Emergency management is at the forefront of this years Bordering on Disaster Conference.
The event featured keynote speakers talking about how they handled emergencies in their communities. One of the speakers was RCMP Inspector Mark Hancock, the Incident Commander during the Fort McMurray Wildfires.
“It’s one of the largest disasters in Canadian national history. Lessons learned, there’s several and I think lots of planning, mock exercises, tabletop exercises, thinking about what’s your strategy if this happens in a community, who’s going to take the role in your organization.”
Hancock adds, “the RCMP is very good at being reactive, but we’ve also got to continue to work on being proactive with our key stakeholders so when one of these disasters happen, we’re ready.”

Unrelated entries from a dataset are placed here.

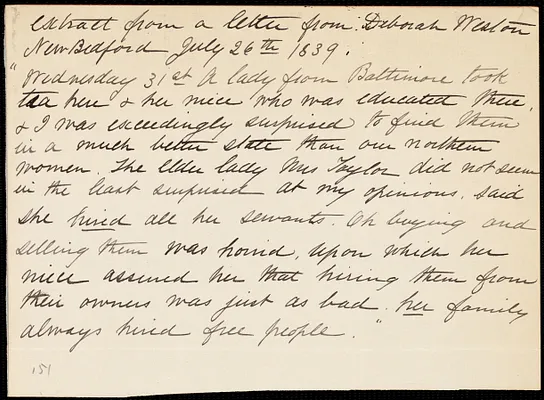 Extract of a letter from Debora Weston, New Bedford, [Mass.], July 26th, 1839
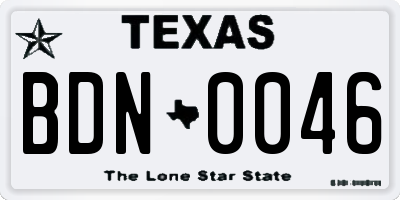 TX license plate BDN0046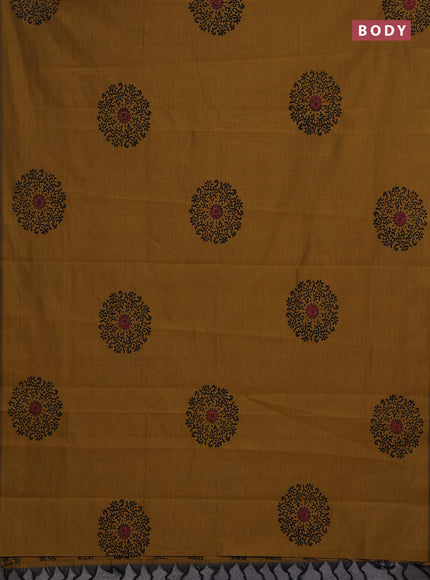 Mustard Yellow & Black Semi Silk Cotton Saree - Printed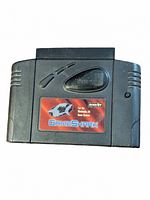 Front view of Nintendo 64 GameShark cartridge showing label and buttons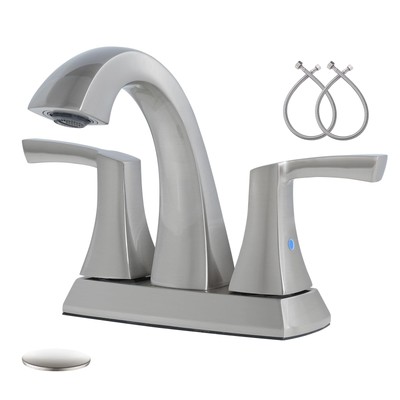Bathroom Faucet Brushed Nickel, 2 Handles Low Arc Bathroom Sink Faucets, 4 In...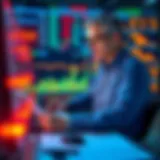 Professional analyzing data charts and financial reports to assess business risks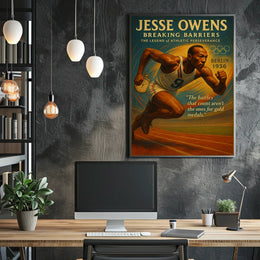 Jesse Owens Vintage Olympic Inspiration Poster Art
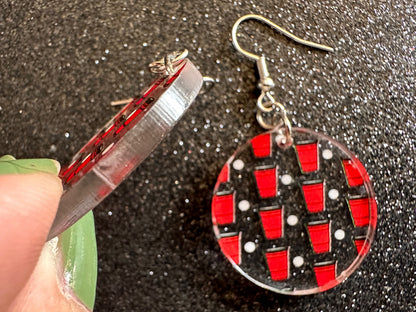 Beer Pong Earrings: Laser Cut Acrylic Solo Cups & Ping Pong Balls, Party Sports, College, Drinking Game, Fun, Best Gifts for Her/Him/Them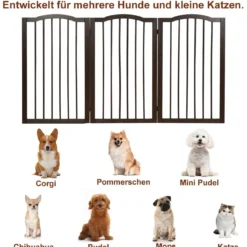 Faltbares Haustiertor aus Holz freistehende 3-Paneele-Barriere mit gewölbter Oberseite für Hunde Katzen braun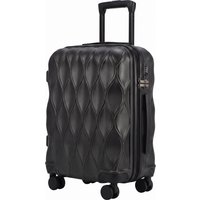 HOMCOM 56cm 41L Suitcase, Lightweight ABS Hard Shell Carry On Luggage with TSA Lock, Spinner Wheels, Telescopic Handle, Black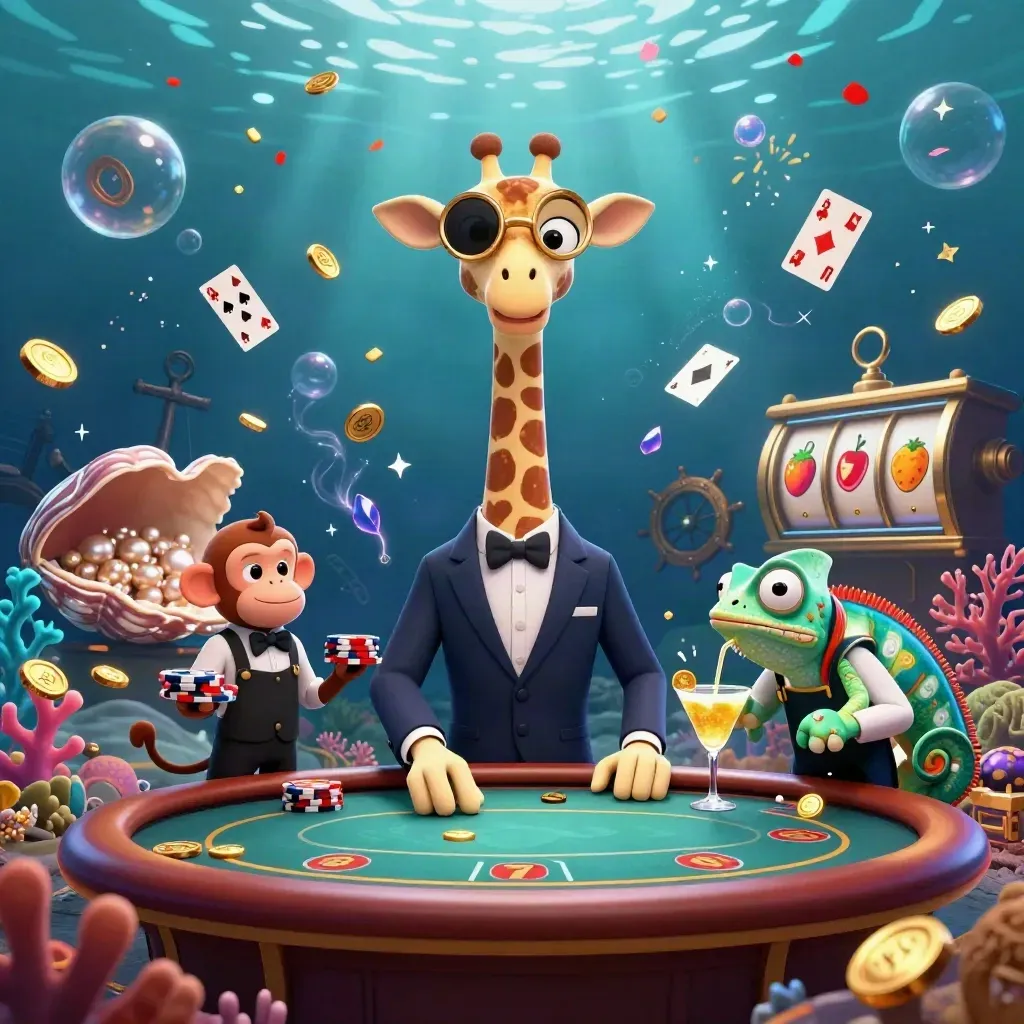 Giraffe, monkey, and chameleon casino scene in an underwater treasure cove with coins, coral, and glowing effects.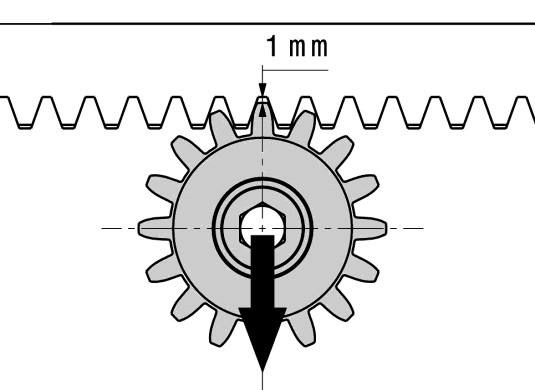Schéma du jeu de 1 mm entre le pignon et la crémaillère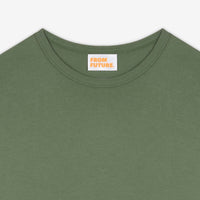T-shirt à col rond droit - Olive Green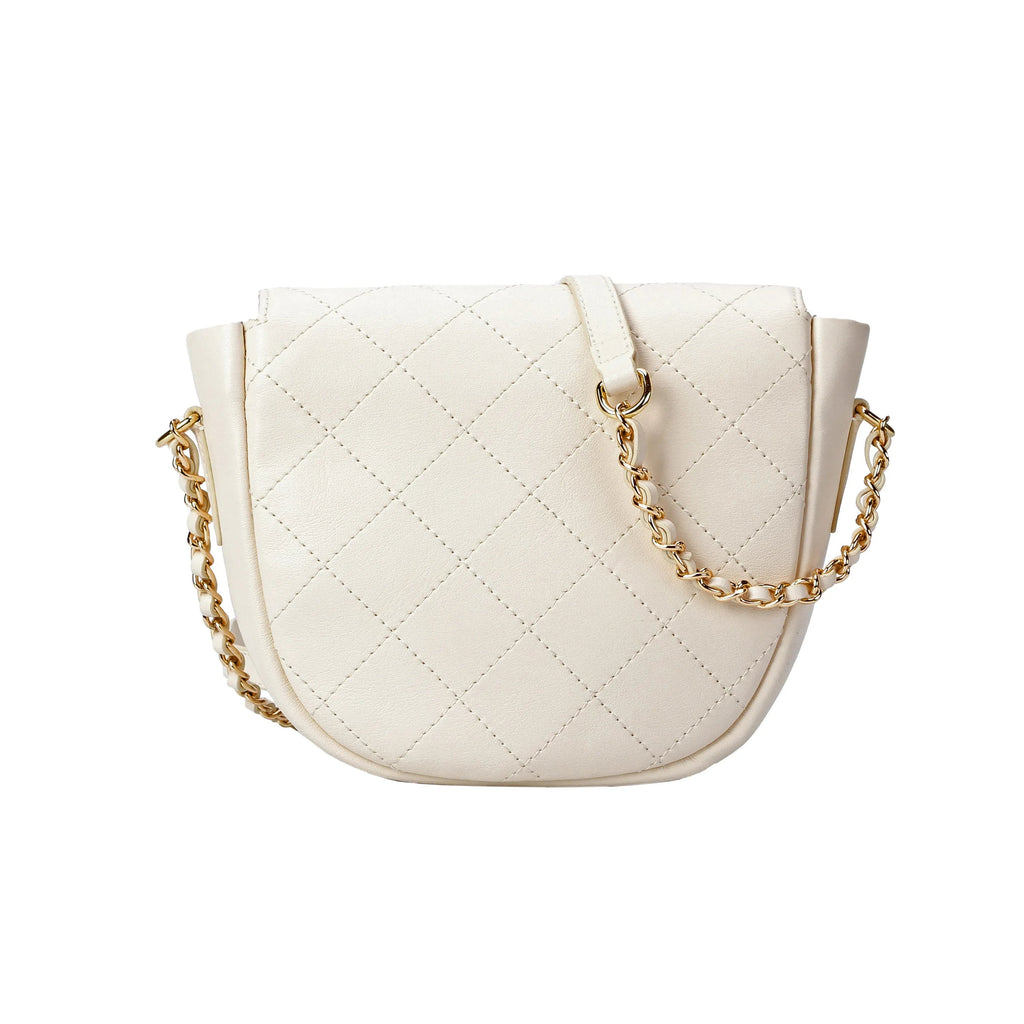 White Quilted Leather Crossbody Bag with Gold Chain Strap
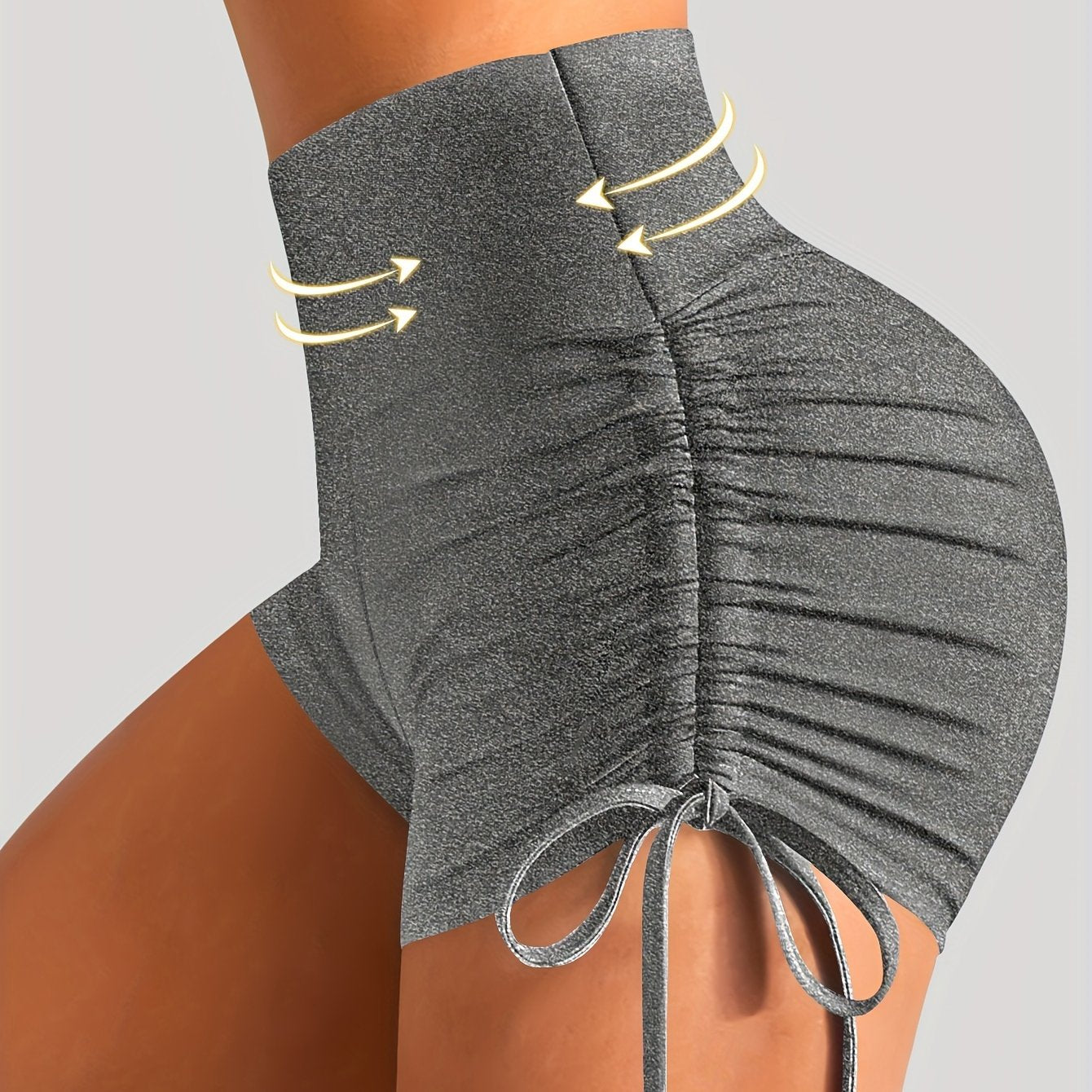 Women’s Yoga Pants with Side Drawstring Wrinkle-Resistant Stretch Knit Shorts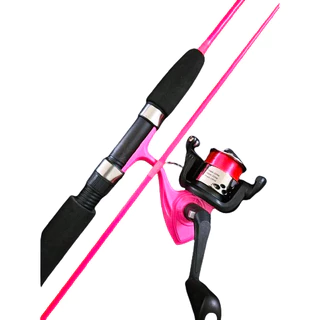 Kit de Pesca Completo Feminino Pink Rosa Mulher Vara Molinete Linha Monofilamento Pescaria Barato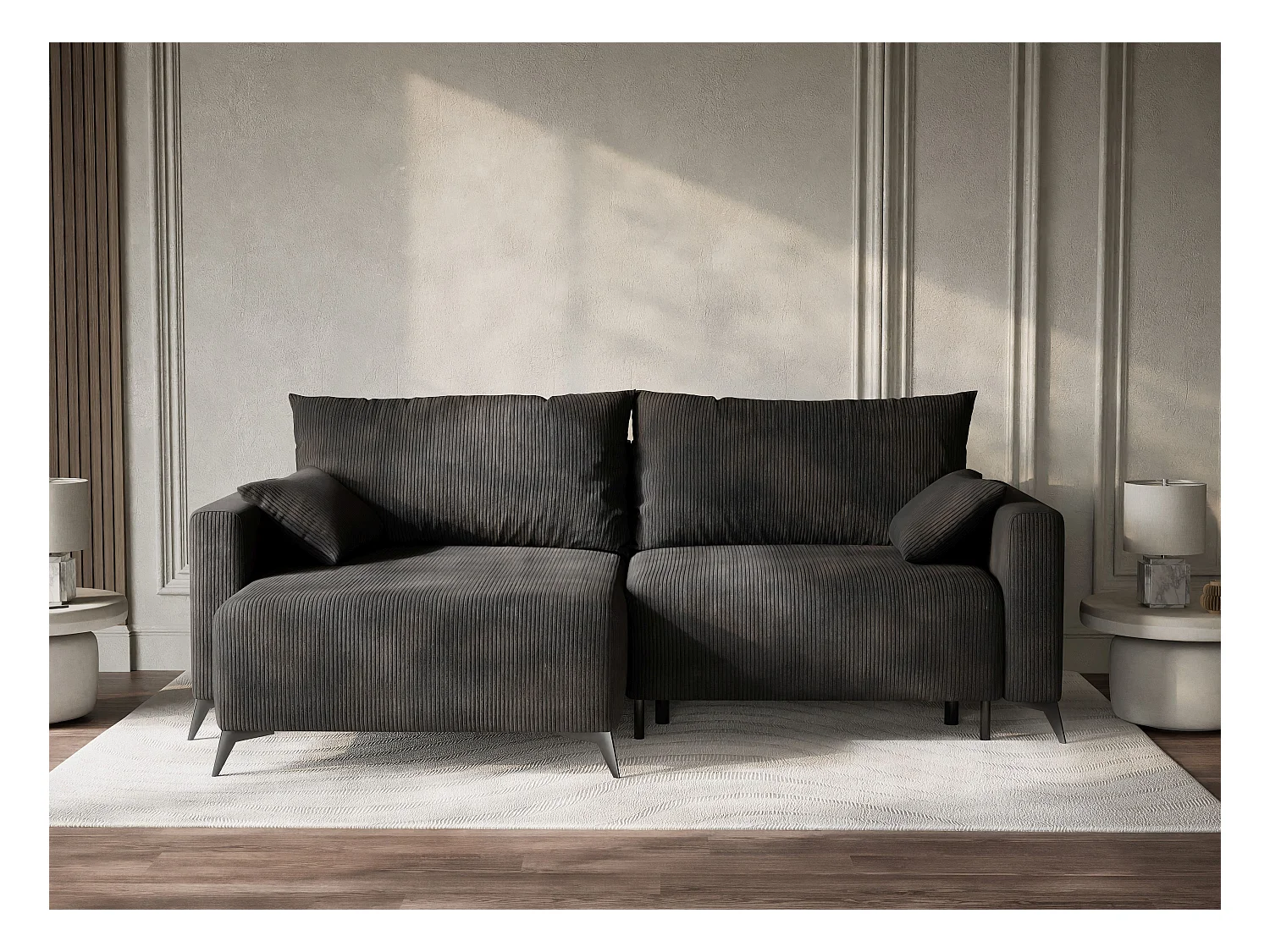 Canapé d'angle gauche avec fonction lit en velours graphite LEON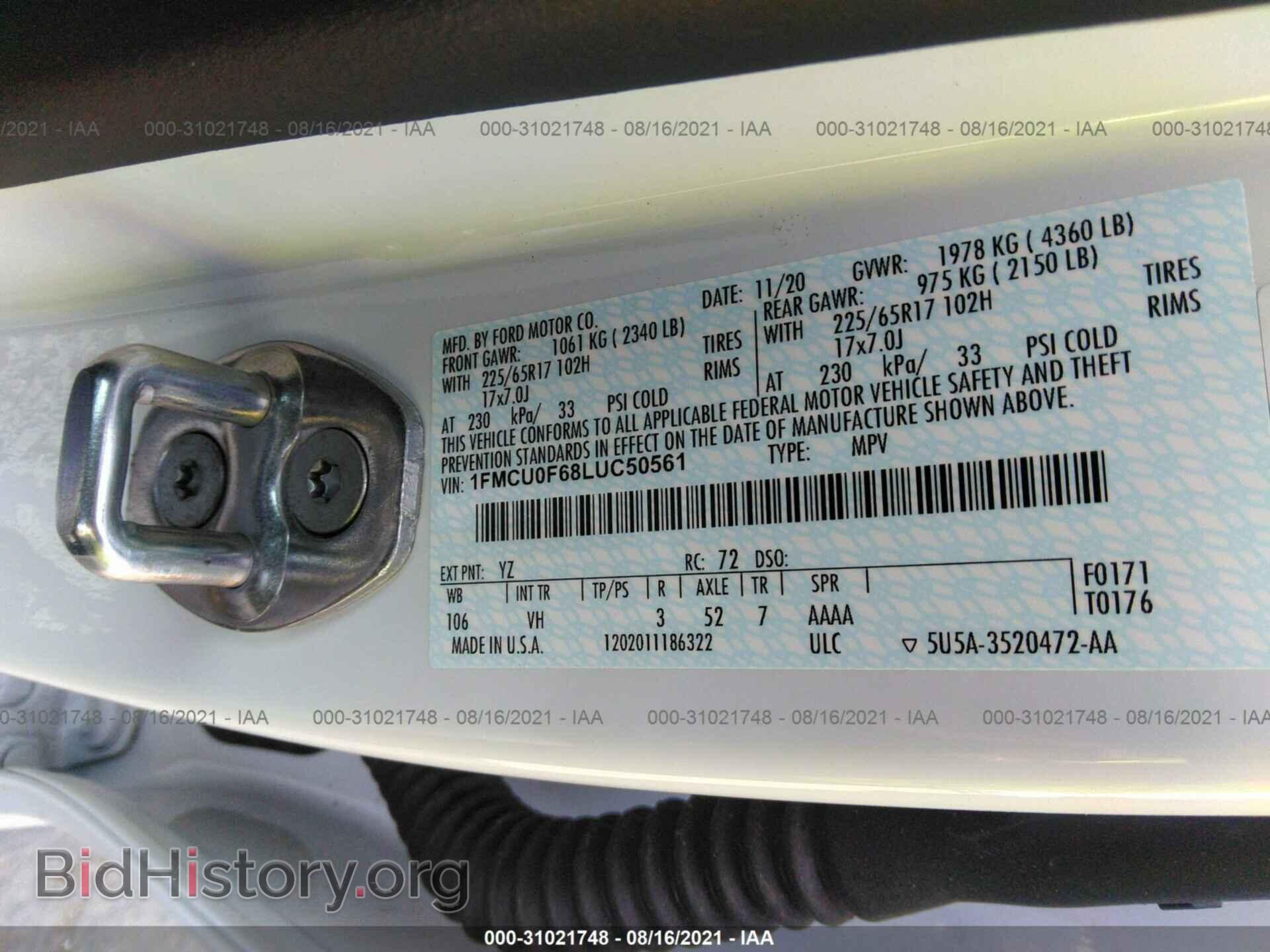 2020 FORD ESCAPE - VIN: 1FMCU0F68LUC50561 - Фото 9
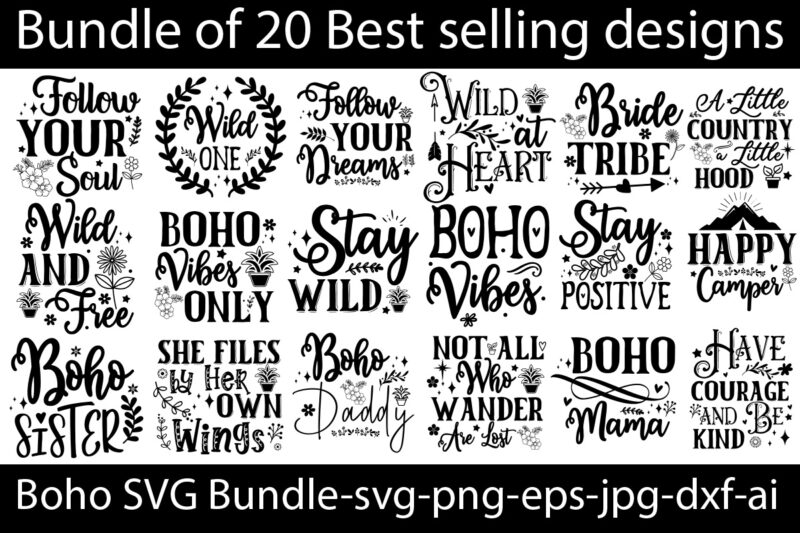 Boho SVG Bundle,20 Designs,Boho svg bundle, boho svg, flower svg, moon phases svg, floral moon svg, hippie svg , boho rainbow svg, hippie sv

Fire Chief Jordan Newton says, “we’re taking lots back to the fire department, including just the check-ins the RCMP do. As well, the whole city is going to be better prepared with emergency planning.”
“The city does have emergency plans in place for any kind of man made disaster whether it be technological, as well as any natural disaster that could come to our city. There is plans in place to protect our residents and to care for them,” explains Newton.
The fire chief adds they will be going over their plans again.
“I hope we can better prepare our plans but for the whole conference, all of the attendees will be able to take something back, whether it be to their municipalities, rural municipalities or corporations and better improve their emergency plans.”